I Romani quando l’impero era in crisi eleggevano un “Dictatorum”” per un periodo limitato che rispondeva di quello che aveva fatto anche dopo il periodo di gestione. Da prendere come base di riflessione chiaramente.
Chiaramente ci deve essere la volontà di risolvere seriamente le cose, se manca quella, e permettetemi i seri dubbi sul fatto che ci sia, perdiamo solo tempo.
Da 150 anni siamo uniti, ma metà del paese non è sotto il controllo dello stato, di cosa stiamo parlando ?
Saluti
RG
Quando il Dictatorum governava Roma valeva anche la massima LEX DURA LEX SED LEX, almeno credo.Ci siamo dati regole, bene, rispettiamole! Se non sono più buone, il Parlamento le modifichi (dico il Parlamento, non il Governo).La corruzione esiterà sempre, d’altronde anche Gesù l’ha subita sulla sua pelle. Però, quando ci facciamo rappresentare da cotal personaggi, quando diamo una pacca sulla spalla del ladro e del disonesto, cioè quando la LEGGE non viene FATTA applicare, chiedo scusa, ma con chi ce la dobbiamo prendere? Il garantismo garantisce il corrotto, chi ha potere,denaro, mai un povero disgraziato.Ci riempiamo la bocca di dottrina, esegesi divinatorie, ma poi? Sartori diceva che noi Italiani non abbiamo spina dorsale… mica avrà ragione?
c’è da ex politico denuncia il malaffare della politia dicendo la verità:http://www.huffingtonpost.it/2014/03/13/tiziano-motti-europarlamentare-la-verita-video_n_4956684.html
Basterebbe mandare con regolarità controlli a sorpresa da parte della Guardia di Finanza nelle sede di tutti i comuni, provience e regioni italiane e anche in quelle dei ministeri.
Se non è possibile trovare un modo per ridurre il potere allora basta controllare il potere.

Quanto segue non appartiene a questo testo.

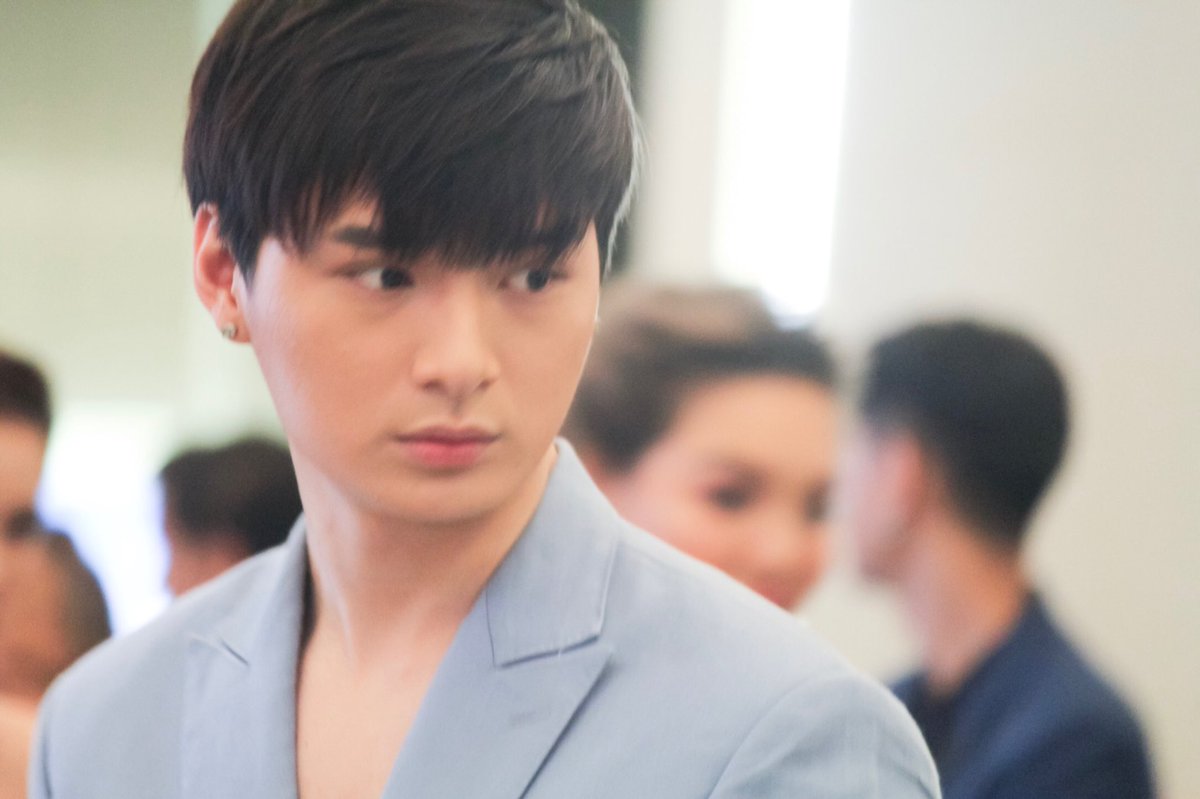ja_ve_'s tweet photo. มองแรงทะม๊าย #neversayhide #KristPerawat https://t.co/RRt5UgTz0M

In Italia mancano i controlli.
Alcune sezioni devono essere indipendenti dai partiti e rispondere solamente al capo dello stato che garantirebbe la regolarità
delle operazioni di controllo.
Se tutto è controllato dai politici allora tutto è corruttibile e condizionabile.
La classica conferma che la soluzione dei problemi non ci verrà dalle culture che hanno contribuito a crearli.
“…una governance più efficace, sia perché, ogni volta che c’è una procedura competitiva, c’è sempre almeno un concorrente scontento, pronto a segnalare la puzza di marcio se la percepisce. E nessuno più del concorrente insoddisfatto ha interesse a vigilare sul buon funzionamento delle procedure.”
è questo uno dei motivi per cui si può parlare legittimamente di tipologia mafiosa:
le denunce sono pochissime, per quel che ne so, piuttosto si smette di fare gare d’appalto
le aziende serie, che non sono disposte a corrompere non vincono e alla lunga rinunciano
e per giunta temono i ritardi di pagamento che possono arrivare a distruggere un’azienda sana.